50 years is so long ago that it doesn't matter.

Well no, 50 years is a huge anniversary. They made a big deal out of it with all the documentaries and stuff. So, clearly it does matter to many people. Again, I don't particularly care (although, apparently I do more than the other non-Americans which is worrying big_smile ) I just thought releasing it in the same week as people were remembering and paying tribute was a bit off.


I'd say the 50th is less important than the 49th which is less important than the 48th, etc.  The 50th anniversary stuff is an arbitraty number that society has decided to make falsely important.  In reality if we actually cared then we would still care as much on the 49th and the 51st anniversary and not only then, but the rest of the year as well.  My dad passed away a few years back and I miss him almost every day, but not any more on his birthday or the anniversary of the day that he died.  Anniversaries make sense from a programming perspective and so does this ad campaign.

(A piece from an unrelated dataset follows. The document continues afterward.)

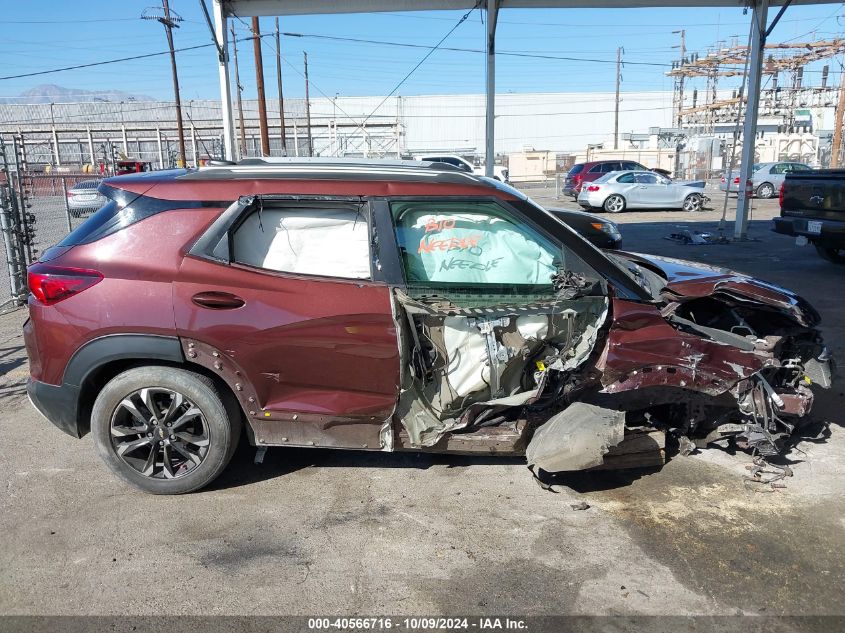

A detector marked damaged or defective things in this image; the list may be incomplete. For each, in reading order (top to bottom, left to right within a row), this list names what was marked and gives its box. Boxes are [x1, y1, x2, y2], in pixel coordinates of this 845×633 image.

Given the fact that there is still information that has not been released to the public, and that there is still questions regarding JFK's death, I can understand the public interest.

Anniversaries are important to people, especially 50 years, which usually considered the half-way (or past half-way) point of a human's life, so it takes on significance of its own in relationship to the human lifespan. 50 years is actually a milestone in many ways.

I don't think anniversaries are a matter of missing more so much as a call to remembrance of sacrifice and loss. JFK is still significant because there are people who do remember it, to whom it was a significant moment in their lives, and brings back both memories and questions.

I don't think the significance or the poor taste of the marketing should be underestimated.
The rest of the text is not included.